*Requirement*.
Check each line of the records for "exterior"; collect those that have it.

[Items from a data source]
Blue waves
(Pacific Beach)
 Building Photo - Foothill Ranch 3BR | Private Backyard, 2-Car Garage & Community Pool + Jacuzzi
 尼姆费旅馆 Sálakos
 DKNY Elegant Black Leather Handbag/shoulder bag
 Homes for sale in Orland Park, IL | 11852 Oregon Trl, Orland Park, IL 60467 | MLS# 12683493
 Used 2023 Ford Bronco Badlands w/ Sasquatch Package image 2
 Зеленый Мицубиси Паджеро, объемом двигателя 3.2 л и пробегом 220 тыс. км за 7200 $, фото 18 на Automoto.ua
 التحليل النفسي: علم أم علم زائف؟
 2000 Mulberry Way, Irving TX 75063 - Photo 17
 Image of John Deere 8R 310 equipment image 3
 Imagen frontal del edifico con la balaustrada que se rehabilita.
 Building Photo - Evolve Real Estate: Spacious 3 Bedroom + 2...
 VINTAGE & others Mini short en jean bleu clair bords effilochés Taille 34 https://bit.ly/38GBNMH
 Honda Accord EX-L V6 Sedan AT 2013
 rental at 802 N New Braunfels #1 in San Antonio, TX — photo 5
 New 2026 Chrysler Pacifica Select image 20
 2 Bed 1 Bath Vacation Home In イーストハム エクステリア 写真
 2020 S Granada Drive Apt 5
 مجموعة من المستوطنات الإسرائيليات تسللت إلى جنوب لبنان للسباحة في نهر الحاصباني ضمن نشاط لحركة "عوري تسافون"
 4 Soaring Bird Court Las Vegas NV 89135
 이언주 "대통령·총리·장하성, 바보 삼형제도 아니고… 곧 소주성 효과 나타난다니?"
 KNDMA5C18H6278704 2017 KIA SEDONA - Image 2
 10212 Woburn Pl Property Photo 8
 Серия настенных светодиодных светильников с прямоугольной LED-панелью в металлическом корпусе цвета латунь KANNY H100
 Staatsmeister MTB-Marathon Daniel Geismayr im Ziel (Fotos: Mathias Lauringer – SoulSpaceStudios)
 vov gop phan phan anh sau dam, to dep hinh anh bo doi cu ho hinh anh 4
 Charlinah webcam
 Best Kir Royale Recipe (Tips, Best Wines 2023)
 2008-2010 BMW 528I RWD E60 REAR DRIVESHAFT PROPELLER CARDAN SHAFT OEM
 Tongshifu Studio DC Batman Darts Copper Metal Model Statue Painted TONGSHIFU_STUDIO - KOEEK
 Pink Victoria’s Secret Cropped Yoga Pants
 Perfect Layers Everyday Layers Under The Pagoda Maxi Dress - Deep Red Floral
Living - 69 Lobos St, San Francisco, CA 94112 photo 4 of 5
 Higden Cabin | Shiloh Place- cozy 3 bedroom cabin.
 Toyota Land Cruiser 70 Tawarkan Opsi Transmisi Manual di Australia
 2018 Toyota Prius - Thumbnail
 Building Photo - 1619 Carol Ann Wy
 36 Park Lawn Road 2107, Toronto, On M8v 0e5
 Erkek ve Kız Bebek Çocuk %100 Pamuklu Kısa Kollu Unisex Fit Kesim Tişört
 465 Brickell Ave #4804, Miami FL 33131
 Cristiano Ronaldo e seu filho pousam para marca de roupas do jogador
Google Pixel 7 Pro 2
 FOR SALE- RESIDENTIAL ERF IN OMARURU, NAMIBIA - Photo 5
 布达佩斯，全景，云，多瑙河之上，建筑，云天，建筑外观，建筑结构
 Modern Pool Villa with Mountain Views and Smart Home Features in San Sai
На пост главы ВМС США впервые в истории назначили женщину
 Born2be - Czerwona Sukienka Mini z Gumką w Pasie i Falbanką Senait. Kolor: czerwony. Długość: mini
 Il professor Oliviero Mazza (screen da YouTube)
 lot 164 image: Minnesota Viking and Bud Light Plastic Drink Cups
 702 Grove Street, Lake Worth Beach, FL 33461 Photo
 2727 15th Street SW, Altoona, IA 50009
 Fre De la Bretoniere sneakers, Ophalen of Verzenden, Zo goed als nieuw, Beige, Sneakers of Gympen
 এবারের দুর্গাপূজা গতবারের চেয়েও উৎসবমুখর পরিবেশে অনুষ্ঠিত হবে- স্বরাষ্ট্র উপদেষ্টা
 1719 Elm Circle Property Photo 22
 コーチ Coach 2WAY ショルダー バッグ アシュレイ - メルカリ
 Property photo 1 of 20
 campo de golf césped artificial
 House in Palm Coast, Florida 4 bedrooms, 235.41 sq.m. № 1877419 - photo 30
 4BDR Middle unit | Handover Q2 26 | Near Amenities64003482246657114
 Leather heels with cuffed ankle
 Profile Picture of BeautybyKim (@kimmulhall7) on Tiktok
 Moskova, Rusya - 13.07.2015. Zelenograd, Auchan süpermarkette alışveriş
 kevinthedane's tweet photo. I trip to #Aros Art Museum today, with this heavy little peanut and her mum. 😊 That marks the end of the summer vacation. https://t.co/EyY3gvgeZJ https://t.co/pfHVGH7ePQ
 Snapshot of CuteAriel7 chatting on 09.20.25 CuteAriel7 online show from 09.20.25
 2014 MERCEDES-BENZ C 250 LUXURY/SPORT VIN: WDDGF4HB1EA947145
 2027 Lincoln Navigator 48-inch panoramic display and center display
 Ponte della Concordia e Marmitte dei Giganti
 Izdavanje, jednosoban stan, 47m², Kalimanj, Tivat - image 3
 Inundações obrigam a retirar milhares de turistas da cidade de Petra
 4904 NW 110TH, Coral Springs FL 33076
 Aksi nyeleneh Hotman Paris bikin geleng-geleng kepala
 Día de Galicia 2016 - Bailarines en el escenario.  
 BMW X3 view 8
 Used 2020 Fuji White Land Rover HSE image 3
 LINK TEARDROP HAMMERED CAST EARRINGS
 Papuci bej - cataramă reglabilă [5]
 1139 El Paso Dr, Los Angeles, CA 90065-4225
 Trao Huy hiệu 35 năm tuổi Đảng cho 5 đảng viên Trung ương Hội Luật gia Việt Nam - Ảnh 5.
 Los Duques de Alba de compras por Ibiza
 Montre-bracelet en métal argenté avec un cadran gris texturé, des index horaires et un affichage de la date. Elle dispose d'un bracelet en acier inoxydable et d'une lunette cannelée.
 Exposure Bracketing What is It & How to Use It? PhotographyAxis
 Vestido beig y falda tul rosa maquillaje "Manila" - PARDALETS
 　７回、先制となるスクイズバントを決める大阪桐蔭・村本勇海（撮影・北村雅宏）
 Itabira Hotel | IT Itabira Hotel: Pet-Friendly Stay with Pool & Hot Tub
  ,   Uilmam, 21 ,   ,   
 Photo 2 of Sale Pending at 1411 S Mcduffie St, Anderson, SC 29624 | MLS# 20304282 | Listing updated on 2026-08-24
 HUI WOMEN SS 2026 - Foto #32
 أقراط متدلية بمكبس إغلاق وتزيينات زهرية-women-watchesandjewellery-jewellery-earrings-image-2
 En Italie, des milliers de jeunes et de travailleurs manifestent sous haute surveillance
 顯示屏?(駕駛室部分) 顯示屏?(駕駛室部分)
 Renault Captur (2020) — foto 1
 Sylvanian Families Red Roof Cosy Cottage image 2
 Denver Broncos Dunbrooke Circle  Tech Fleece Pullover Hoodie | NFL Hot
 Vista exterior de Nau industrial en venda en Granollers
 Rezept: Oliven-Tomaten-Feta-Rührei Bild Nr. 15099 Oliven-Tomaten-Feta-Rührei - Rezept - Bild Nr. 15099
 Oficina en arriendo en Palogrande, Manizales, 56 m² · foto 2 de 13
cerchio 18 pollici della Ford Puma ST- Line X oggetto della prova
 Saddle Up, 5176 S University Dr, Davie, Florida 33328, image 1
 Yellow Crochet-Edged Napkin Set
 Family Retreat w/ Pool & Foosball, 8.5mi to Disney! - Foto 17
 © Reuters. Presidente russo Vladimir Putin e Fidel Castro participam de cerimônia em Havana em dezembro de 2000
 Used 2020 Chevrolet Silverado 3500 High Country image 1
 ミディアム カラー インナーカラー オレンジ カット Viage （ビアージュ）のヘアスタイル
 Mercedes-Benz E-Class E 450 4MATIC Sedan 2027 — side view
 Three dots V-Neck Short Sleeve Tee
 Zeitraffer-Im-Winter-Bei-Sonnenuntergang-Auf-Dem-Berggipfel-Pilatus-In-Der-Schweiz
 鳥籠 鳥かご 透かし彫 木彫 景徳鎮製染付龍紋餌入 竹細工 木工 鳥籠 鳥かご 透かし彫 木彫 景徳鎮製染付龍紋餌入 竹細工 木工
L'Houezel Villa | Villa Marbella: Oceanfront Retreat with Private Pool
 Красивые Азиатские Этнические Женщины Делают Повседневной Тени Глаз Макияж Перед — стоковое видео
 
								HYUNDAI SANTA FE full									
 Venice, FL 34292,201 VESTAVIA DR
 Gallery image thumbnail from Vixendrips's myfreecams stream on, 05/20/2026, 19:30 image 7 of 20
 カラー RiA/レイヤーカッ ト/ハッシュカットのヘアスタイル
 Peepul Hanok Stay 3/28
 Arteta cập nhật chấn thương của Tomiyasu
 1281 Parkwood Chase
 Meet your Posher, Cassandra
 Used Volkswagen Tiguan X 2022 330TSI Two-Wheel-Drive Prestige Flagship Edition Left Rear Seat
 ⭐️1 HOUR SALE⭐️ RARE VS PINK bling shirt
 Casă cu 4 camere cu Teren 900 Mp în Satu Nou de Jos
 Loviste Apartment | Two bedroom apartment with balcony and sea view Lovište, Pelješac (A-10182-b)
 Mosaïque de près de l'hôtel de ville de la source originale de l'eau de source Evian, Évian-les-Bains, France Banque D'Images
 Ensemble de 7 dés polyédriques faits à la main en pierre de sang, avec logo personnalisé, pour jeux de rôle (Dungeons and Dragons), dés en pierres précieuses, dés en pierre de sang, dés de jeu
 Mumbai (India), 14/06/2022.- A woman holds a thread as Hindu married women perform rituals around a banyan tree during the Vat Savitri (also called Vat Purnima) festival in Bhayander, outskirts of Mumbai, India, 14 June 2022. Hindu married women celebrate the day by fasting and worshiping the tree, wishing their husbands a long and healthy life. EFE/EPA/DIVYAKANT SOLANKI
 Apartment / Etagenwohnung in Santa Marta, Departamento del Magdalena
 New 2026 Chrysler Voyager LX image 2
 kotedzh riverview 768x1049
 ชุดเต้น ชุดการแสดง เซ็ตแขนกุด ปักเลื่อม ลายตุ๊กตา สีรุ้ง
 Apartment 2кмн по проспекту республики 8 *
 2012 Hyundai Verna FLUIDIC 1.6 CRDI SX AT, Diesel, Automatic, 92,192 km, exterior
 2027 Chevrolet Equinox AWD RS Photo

*Result of this exercise*.
 Vista exterior de Nau industrial en venda en Granollers
 2012 Hyundai Verna FLUIDIC 1.6 CRDI SX AT, Diesel, Automatic, 92,192 km, exterior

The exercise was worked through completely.